The 90s Godzilla (Credit: TriStar)
The 1998 Godzilla movie is no one’s favourite Godzilla movie.
Battered by critics and achieving only the most modest financial success, sequels and a planned animated spin-off were abandoned in its wake.
Directed by Roland Emmerich, its producer and writer Dean Devlin, who also made movies like Stargate and Independence Day, has now revealed what he reckons the issues were with the much derided movie.
“There was enormous pressure,” he told Syfy Wire.
“That was probably the biggest problem in making Godzilla, this assumption that it was going to be as big or as original or as strong as Independence Day. I don’t think it ever had that chance.
“I think part of the biggest problem was that I pushed Roland into doing the movie because I was a huge Godzilla fan.
“I grew up with Godzilla and it wasn’t something that Roland had grown up with. He didn’t have a giant passion about Godzilla.
“He was able to find a story with me that he could get passionate about and he was passionate about the movie we made, but this was his take on it as opposed to honouring the Godzilla legacy in a way that would make the people who loved Godzilla happy.
“Roland and I made an intellectual idea that was interesting but not compelling filmmaking. We said in real life, a lizard is neither evil nor good, it’s just a lizard.
“So what if one got to that size and in its effort to survive, it threatened us, but it wasn’t mad at us? It was just simply doing what it did and it causes this problem for us. Well, that’s interesting, but that’s not Godzilla. If you go to the very first movie, Gojira, it was an evil monster. Movies after that, it was a hero. We didn’t choose either.
“I think what we tried to do made sense, but isn’t very fulfilling.”
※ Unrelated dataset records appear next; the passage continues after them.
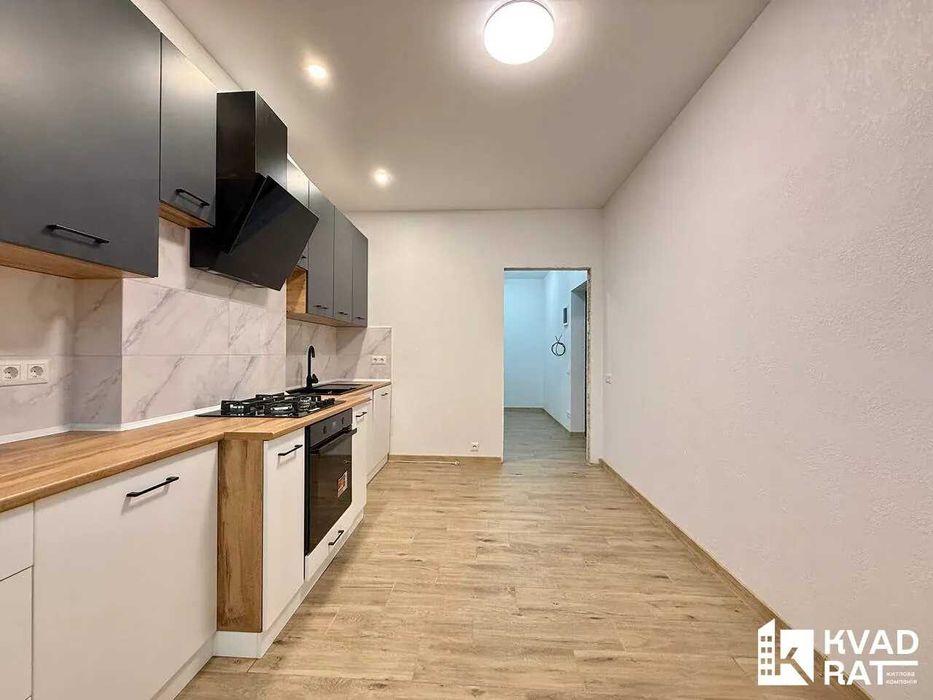 2 кім квартира з ремонтом, центр , 2 поверх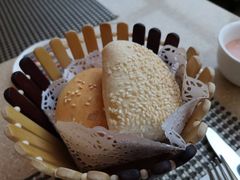 -亮马河饭店翠雅咖啡厅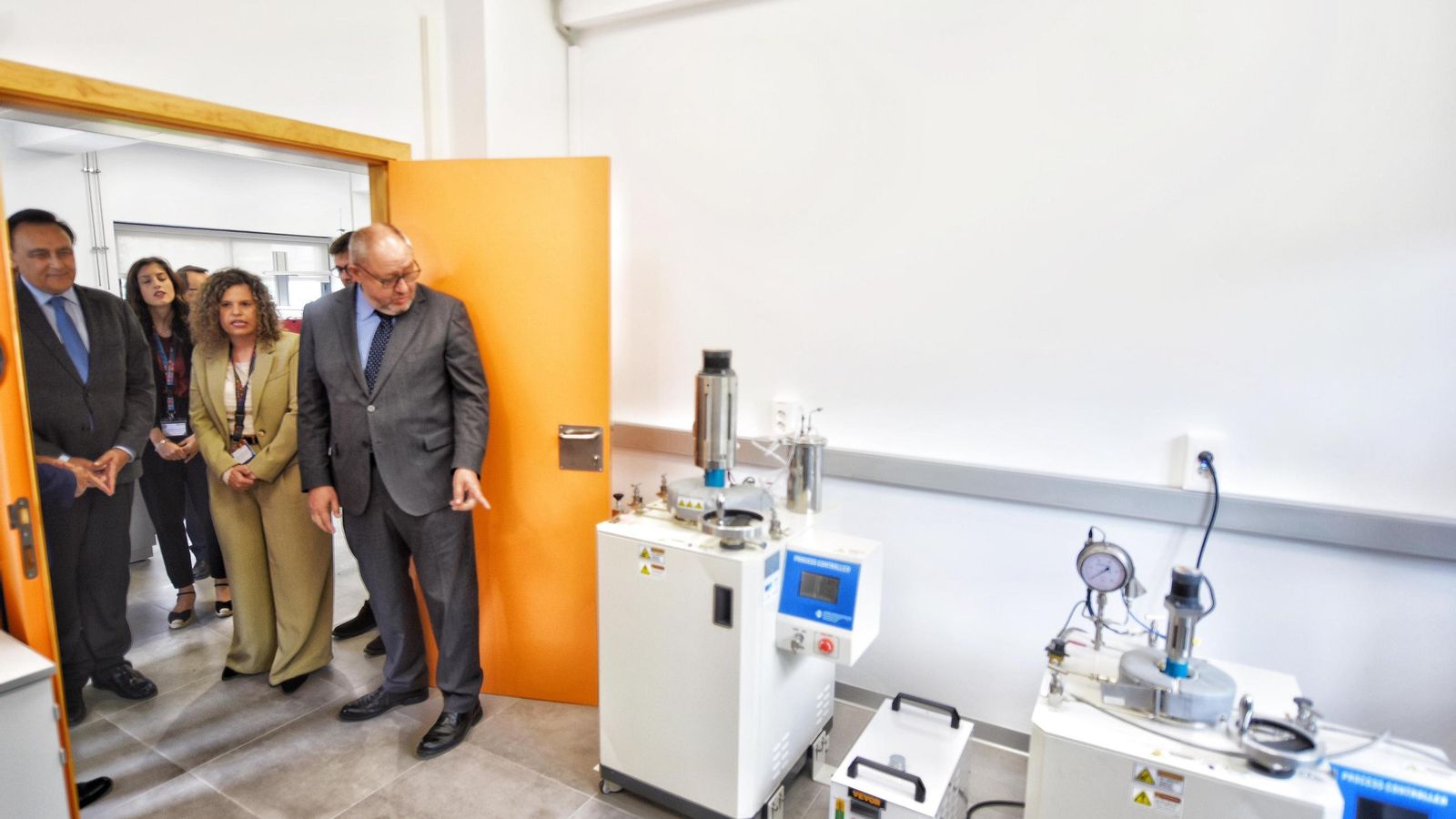 El rector de la UCO durante la visita a las instalaciones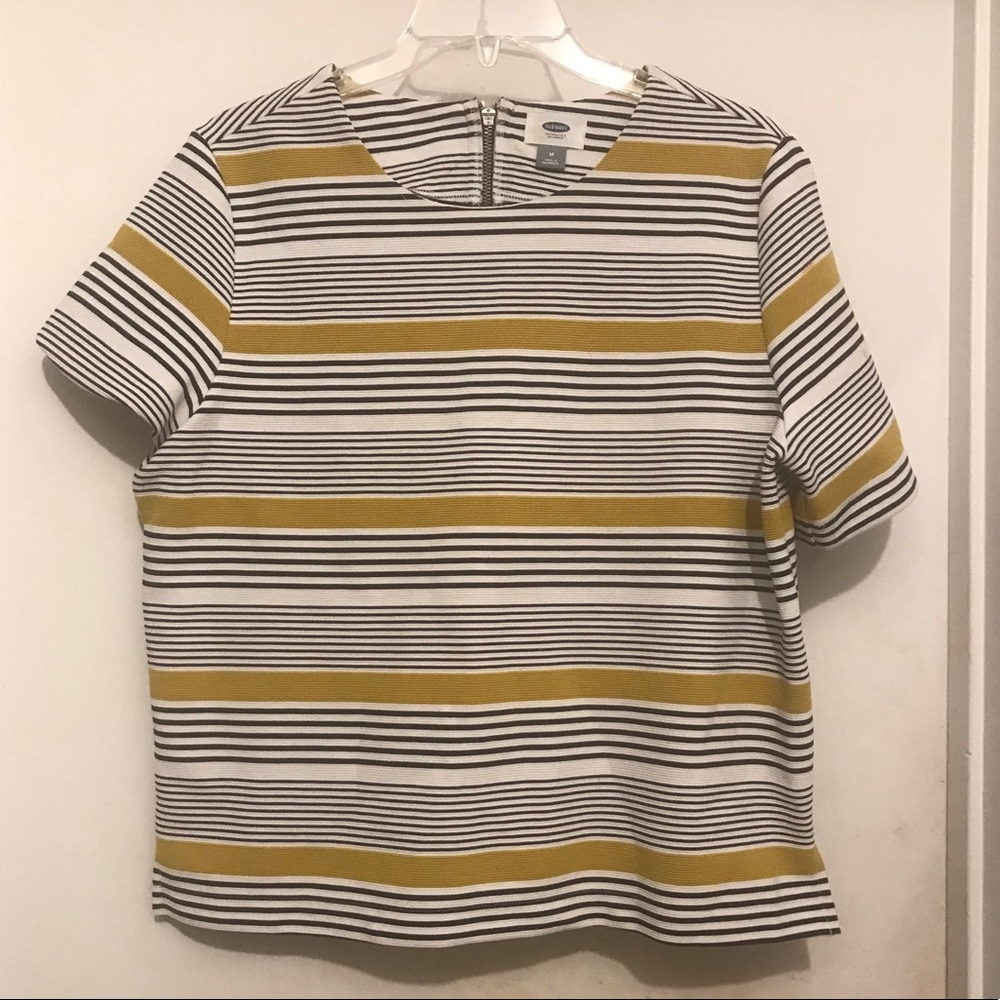 Flash sale 🔥Old navy squared top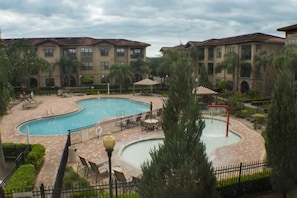 Outdoor pool - Louis's Bella Piazza Condo 3 Bedroom IPG Florida (Davenport)
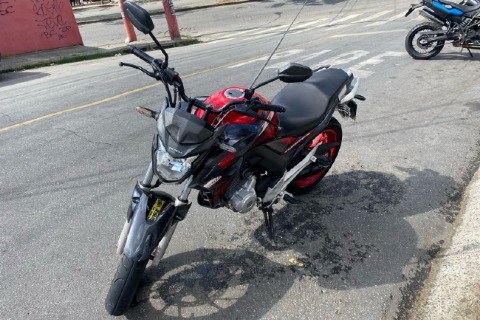 //www.autoline.com.br/moto/honda/cb-250-twister-flexflexone/2020/belo-horizonte-mg/23624395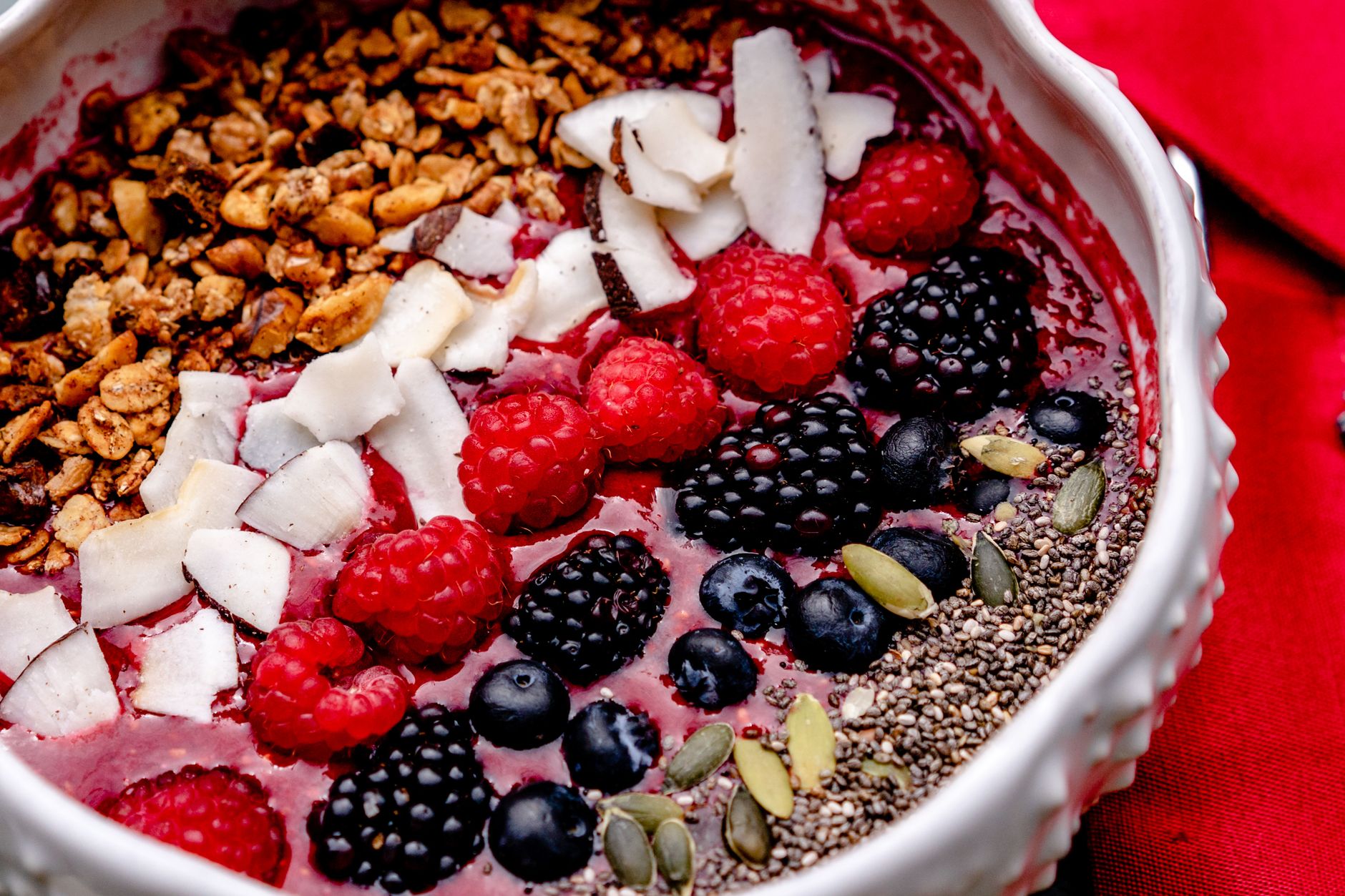 Coconut-Yoghurt Berry Bowl with Pumpkin-Seed Crunch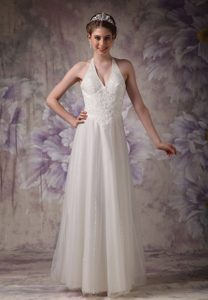 Perfect Column Halter Top Tulle Wedding Dresses with Beading on Promotion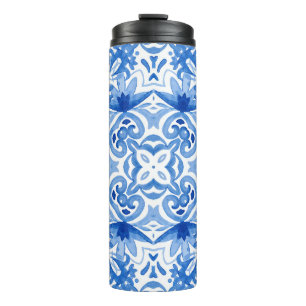 Blauweiße Fliese, Aquarellmuster. Thermosbecher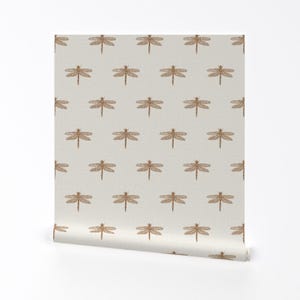 Carta da parati Dragonflies - Copper Dragonflies Bone White di Erin Kendal - Rotolo di carta da parati autoadesiva rimovibile con stampa personalizzata di Spoonflower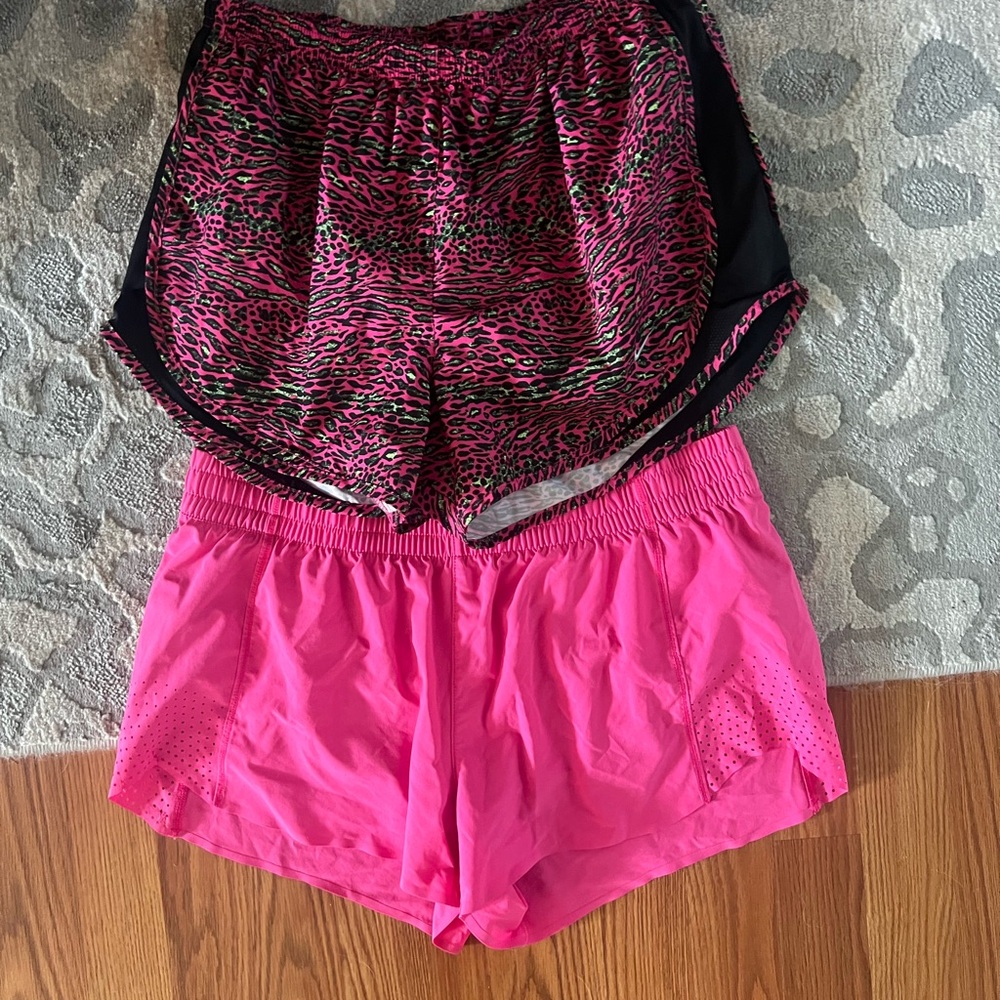 EUC set of 2 women’s Large Nike and Athleta Shorts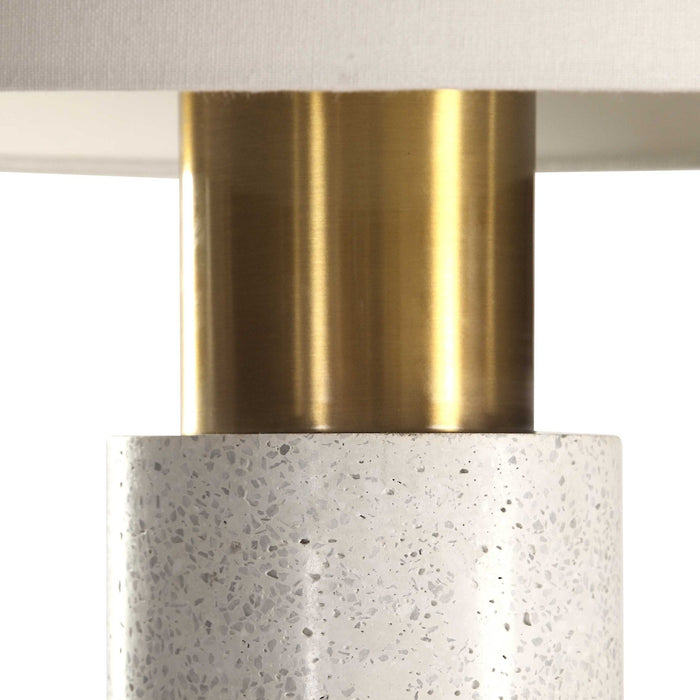 Vaeshon - Concrete Table Lamp - White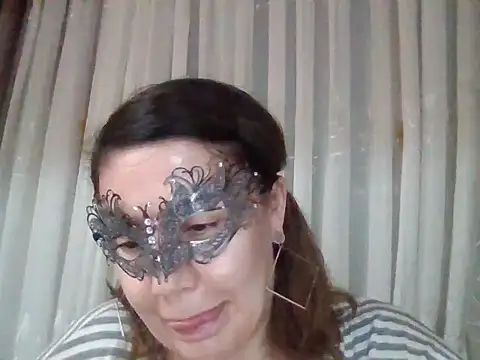 Snapshot of Lomivah chatting on November 9, 2025, 7:01 pm Lomivah online show from November 9, 2025, 7:01 pm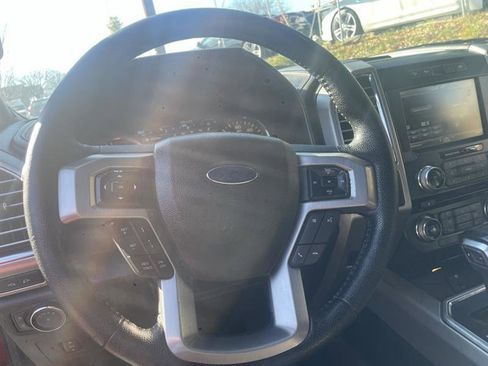 Used 2015 Ford F150 Platinum w/ Equipment Group 701A Luxury image 15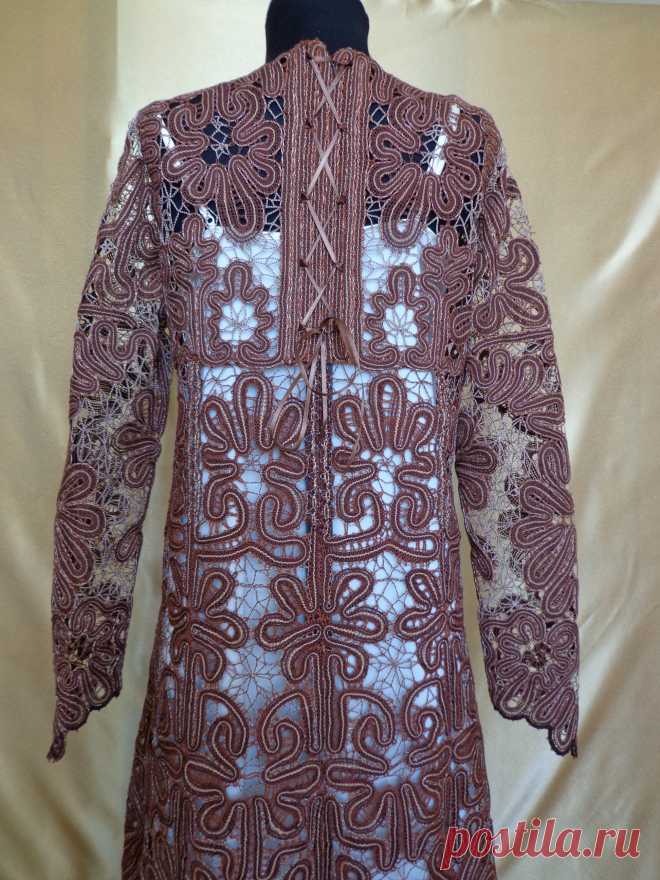 Платье кружевное "Шоколад" сплетено на коклюшках.Нитки-хлопок коричневого и бежевого цвета .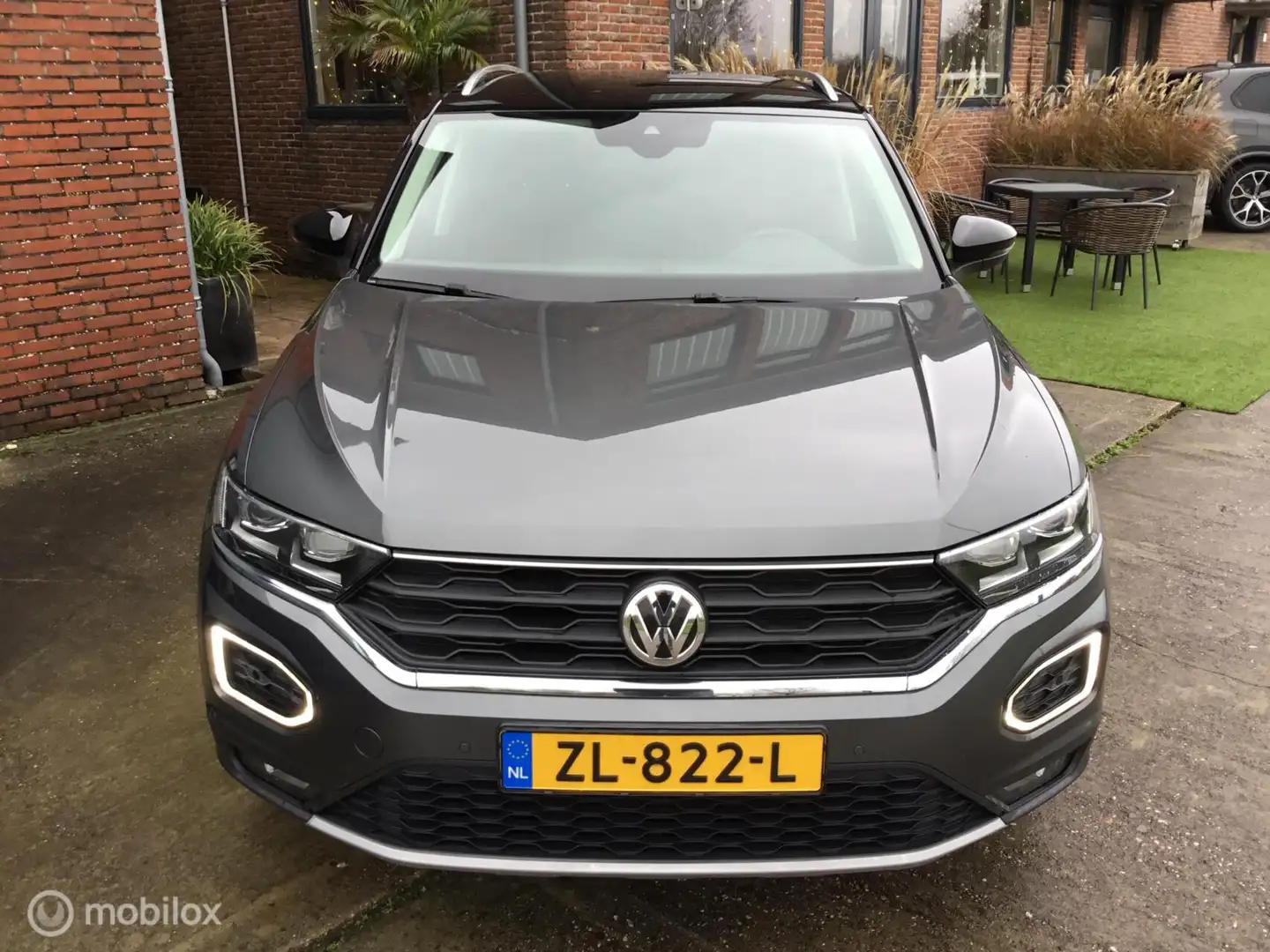 Volkswagen T-Roc 1.0 TSI Style Grijs - 2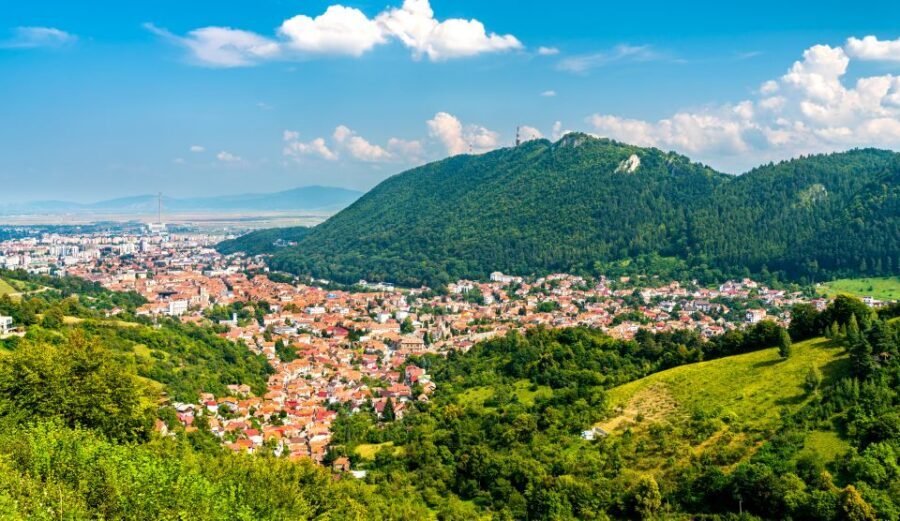 Bucharest: Dracula Castle, Peles Castle & Brasov Guided Tour - Brașov Walking Tour: Council Square and the Black Church as Your Reality Check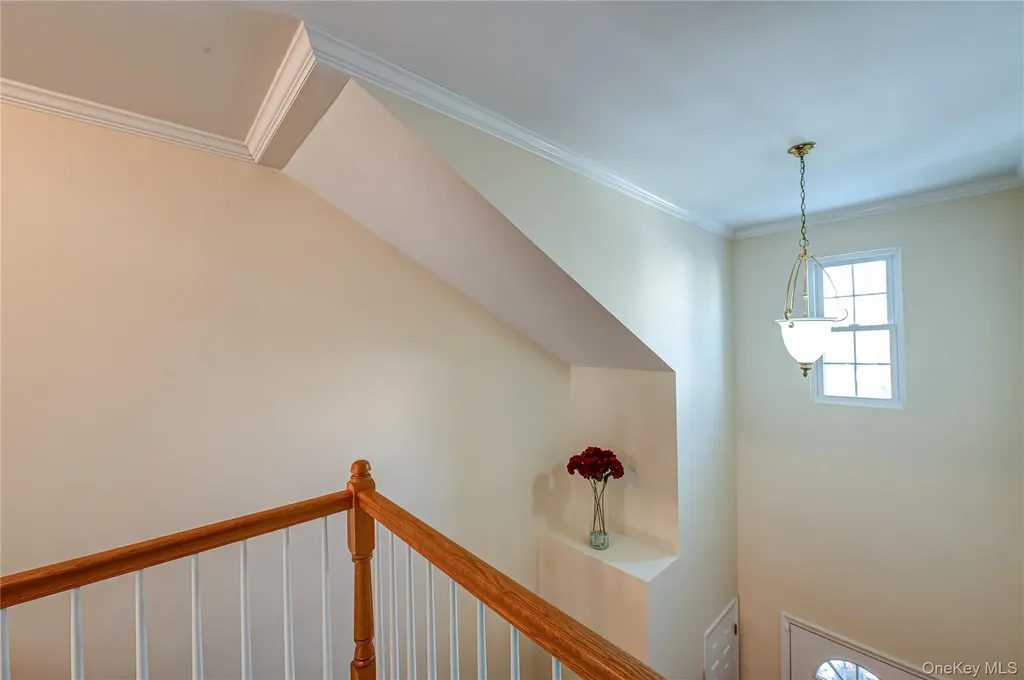 4 Chelsea Drive Smithtown NY 11787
Despite a serviceable cast, which included Matthew Broderick and Jean Reno, the movie made $379 million (around £284 million), having cost in the region of $150 million, and falling well short of the US domestic haul of $240 million that would have been considered a success.
Broderick, speaking to comedian Gilbert Gottfried on his podcast last year, said: “I thought it was pretty good. I don’t know what the problem was.”